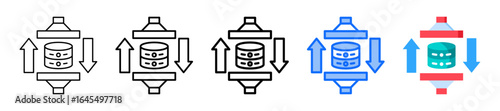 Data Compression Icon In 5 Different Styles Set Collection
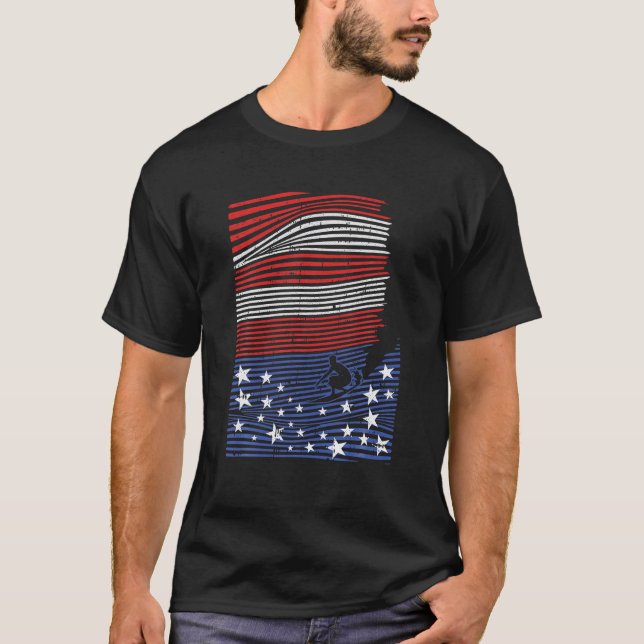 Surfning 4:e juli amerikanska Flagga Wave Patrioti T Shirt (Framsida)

- - - - - - -

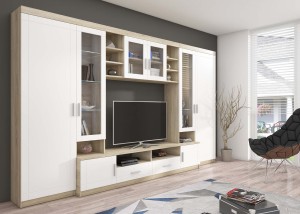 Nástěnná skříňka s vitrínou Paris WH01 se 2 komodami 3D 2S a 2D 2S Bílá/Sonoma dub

- - - - - - -

**Exercise instructions:** Output should consist of the lines above from the one with "Data Compression Icon" down to the one with "Surfning 4:e juli", exact and without pictures.

**Written solution:**
 Data Compression Icon In 5 Different Styles Set Collection
 Surfning 4:e juli amerikanska Flagga Wave Patrioti T Shirt (Framsida)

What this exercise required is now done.